I have noticed another issue concerning the nature of the knowledge. To me there seems to be a difference between having the “knowledge gravity” concerned with the “inner workings” and how and why something is used. The more knowledge people have about the internals of i e know how things really works, the less innovative they seems to be about new areas of application, commercial values, or customer values.

I think this has to do with the ontological border between the internal mechanisms and the surface as an interface to a complex outside world. When working with the internal mechanisms we are more likely than not to have a mental model embodying a converging mindset where the solution can be one and directly testable against another function or specification. On the other hand when we are working with overall design and are looking for new application areas or trying to understand how potential customers behave there are never single testable solutions.

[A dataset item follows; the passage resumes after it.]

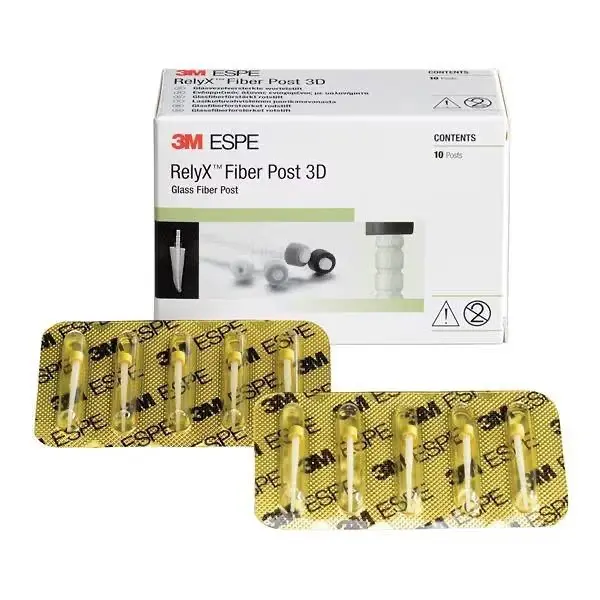 3M RelyX Fiber Post 3D Glass Fiber Post system فيبربوست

The answers are of a fundamentally different kind and you are forced to have a diverging mindset.

A converging mindset is characterized by looking into your existing toolbox of solutions, judging, sorting, testing and discarding in order to find a working solution to a problem.

A diverging mindset on the other hand is characterized by a very primitive and generic toolbox, an open mind and an urge to look into an issue to see if things works at all. There doesn’t necessary have to exist a defined problem and a person with a diverging mindset is more likely to design new and different things.

I first came across the concept of converging and diverging problems in a short article of Charles Handy some time ago. Converging problems could be exemplified by “How long time does it take to drive to Bath?”. The idea is that there is one well defined and verifiable answer to the question. Diverging problems, on the other hand, could be exemplified with “Why do anyone want to go to Bath?”. This second question is of a fundamentally different kind and is more close to many of the questions concerning management, design and innovation. The problem, according to Handy, is that the educational system is built around strategies for solving converging problems.

A couple of years ago a two friends at Karlstad University wrote a paper about an experiment where a group of users was invited to participate in an innovation process for end user services for mobile phones. During two weeks a large number people divided in test groups were provided with new mobile phones and notebooks to write down ideas about possible new services for that phone that pop up in their daily life. An interesting result was that the test group without technical knowledge outscored the group with technical knowledge both from a qualitative and a quantitative perspective. An even more interesting result came from another group consisting of non-technical people, who half-way through the experiment received some education about technical possibilities. After they received their mid-experiment lecture, i e learned more about the inner workings, their innovation score dropped.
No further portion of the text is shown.